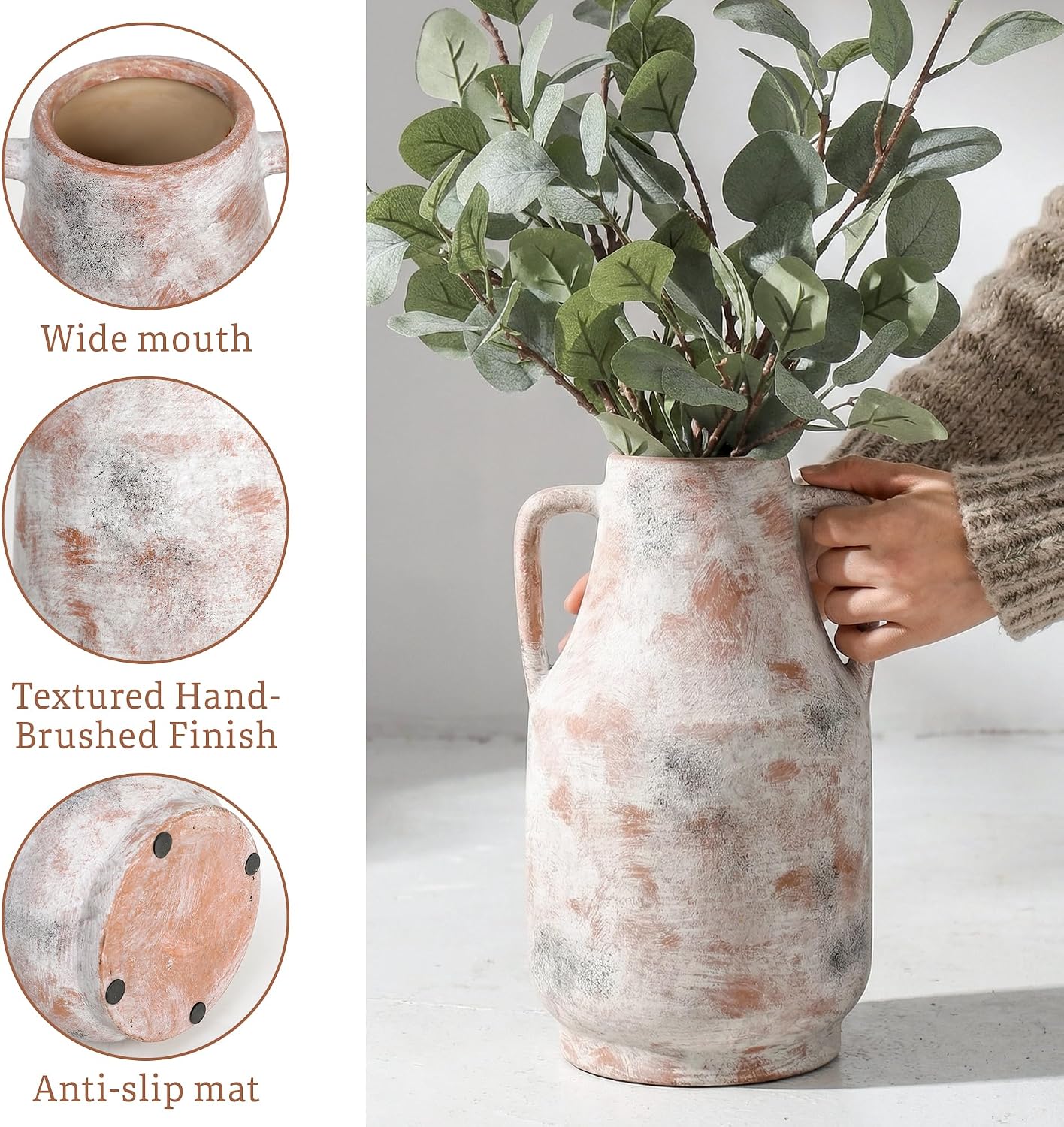 Tall Ceramic Vase / 11inch-terracotta / White / 11 Inch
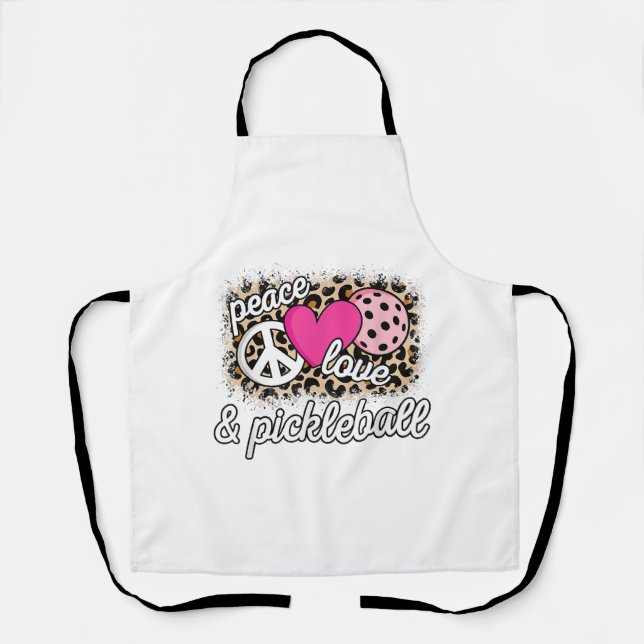 Cute Peace Love Pickleball Player Funny Pickle Bal Apron (Front)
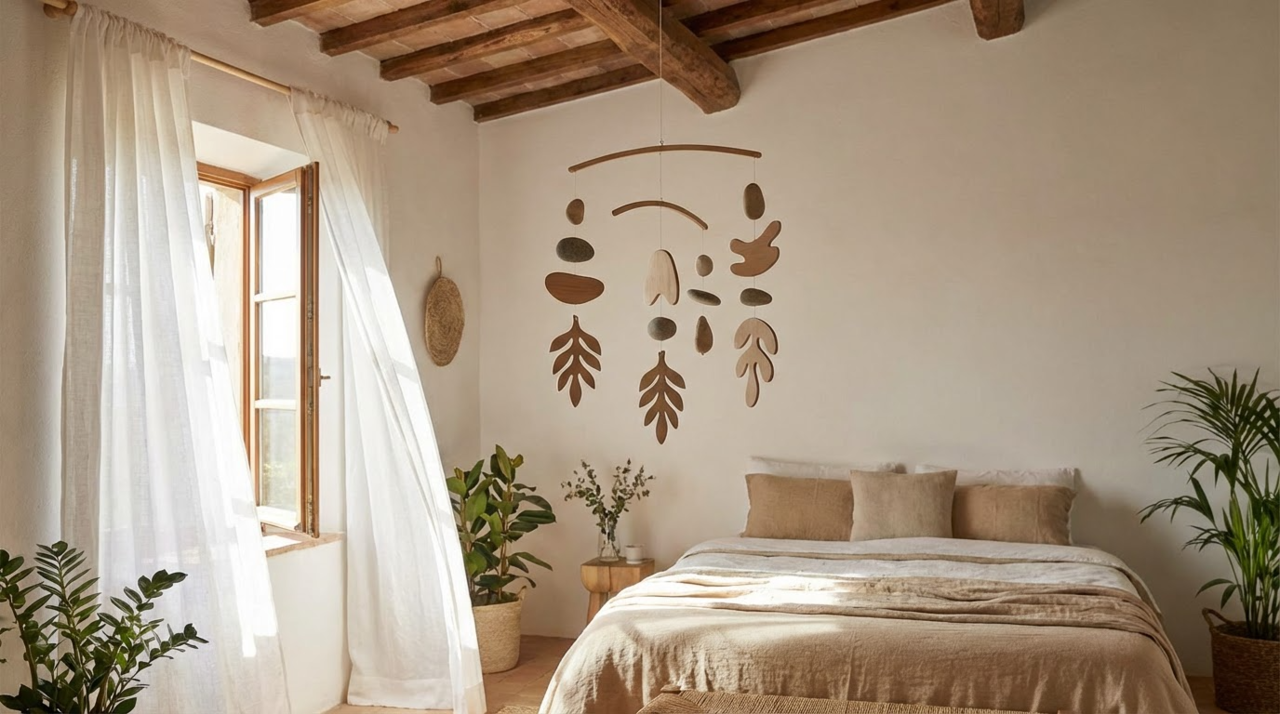 O móbile é um objeto suspenso, formado por partes leves conectadas por fios ou hastes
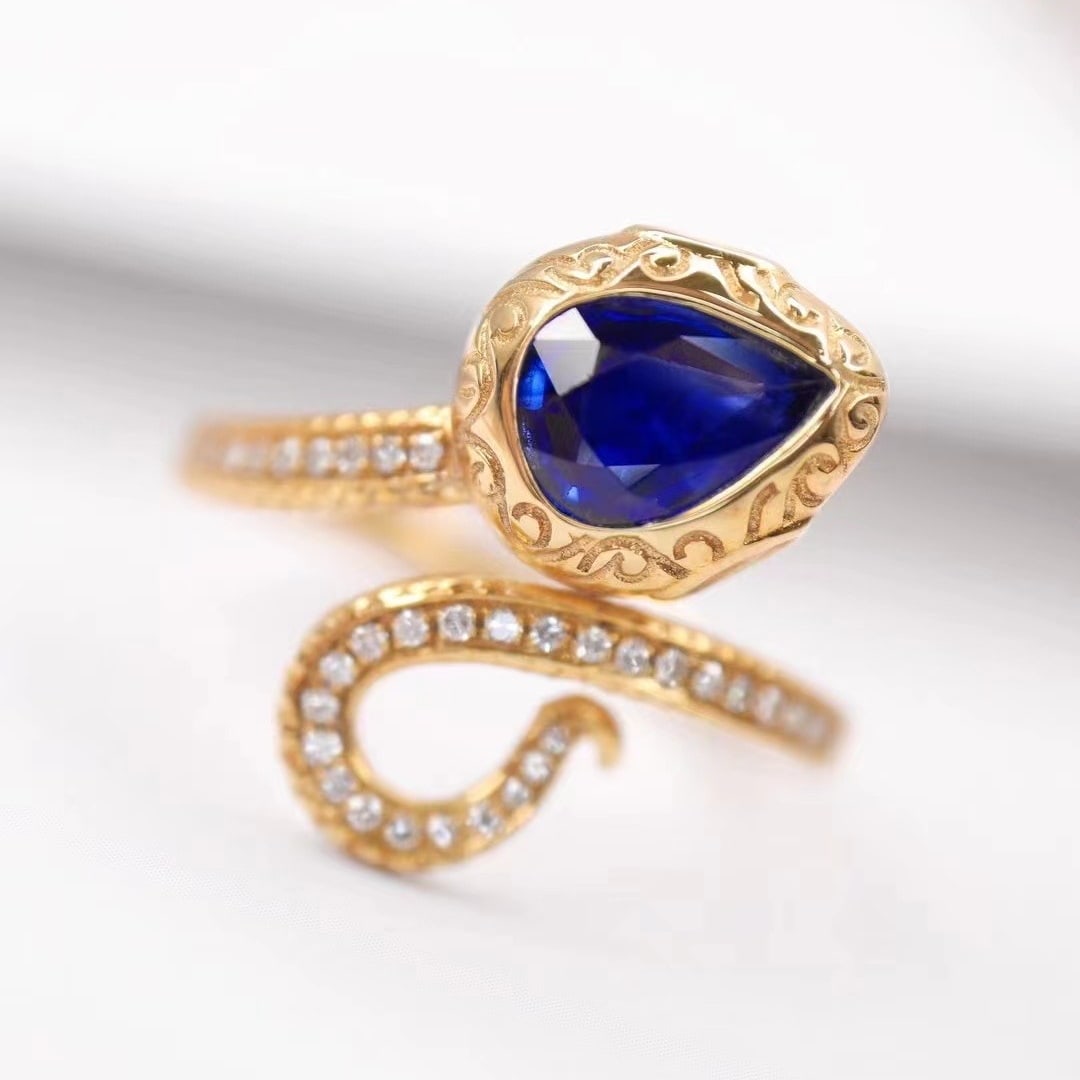 14k Gold 1.28 Ctw Natural Sapphire & Diamond Ring - 4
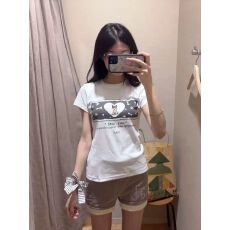 现huo40支230克95%棉+5%氨纶后包领高弹修身常规正肩t恤女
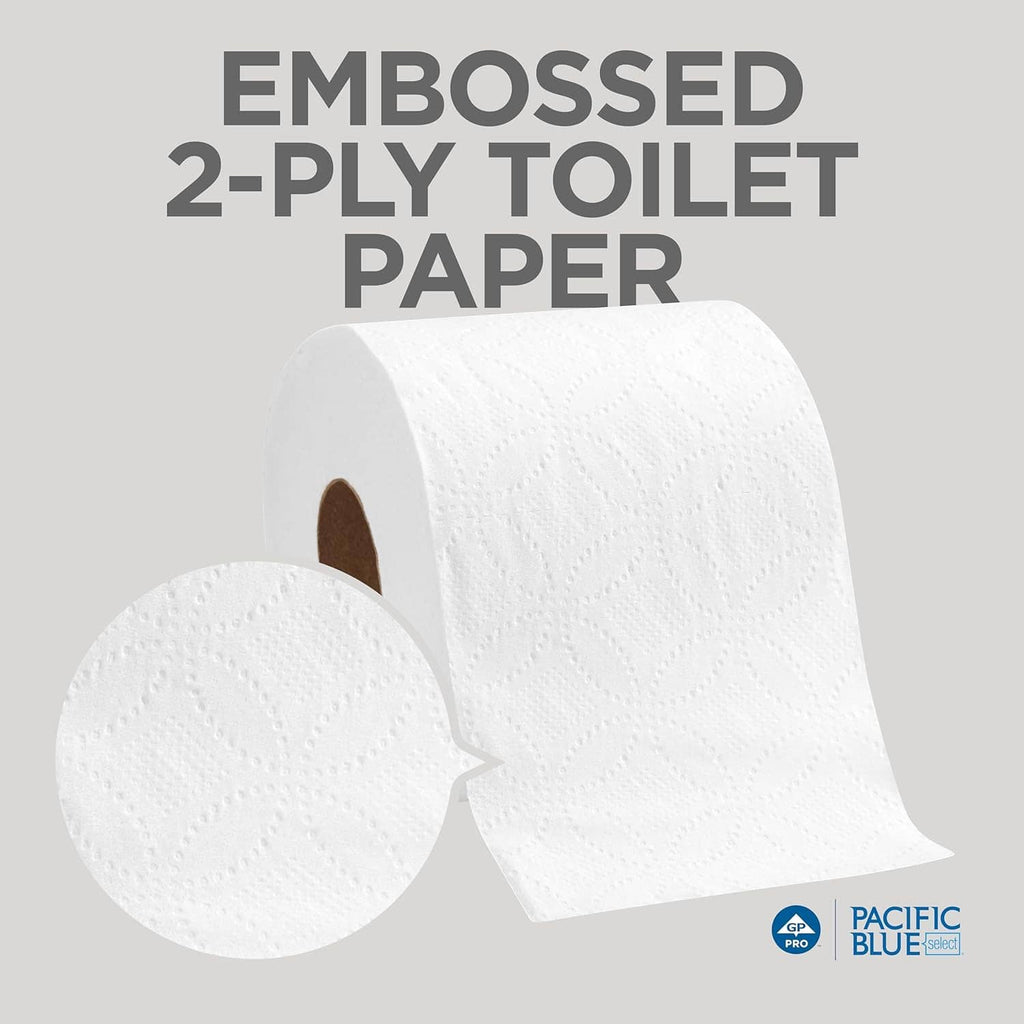 Close-up of 2-ply embossed toilet paper rolls with visible embossed texture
----------
This exercise asks for the data above to be given again exactly, without pictures.

◆ **Your solution**:
 Tall Ceramic Vase / 11inch-terracotta / White / 11 Inch
 Cute Peace Love Pickleball Player Funny Pickle Bal Apron (Front)
 O móbile é um objeto suspenso, formado por partes leves conectadas por fios ou hastes
 14k Gold 1.28 Ctw Natural Sapphire & Diamond Ring - 4
 现huo40支230克95%棉+5%氨纶后包领高弹修身常规正肩t恤女
 Close-up of 2-ply embossed toilet paper rolls with visible embossed texture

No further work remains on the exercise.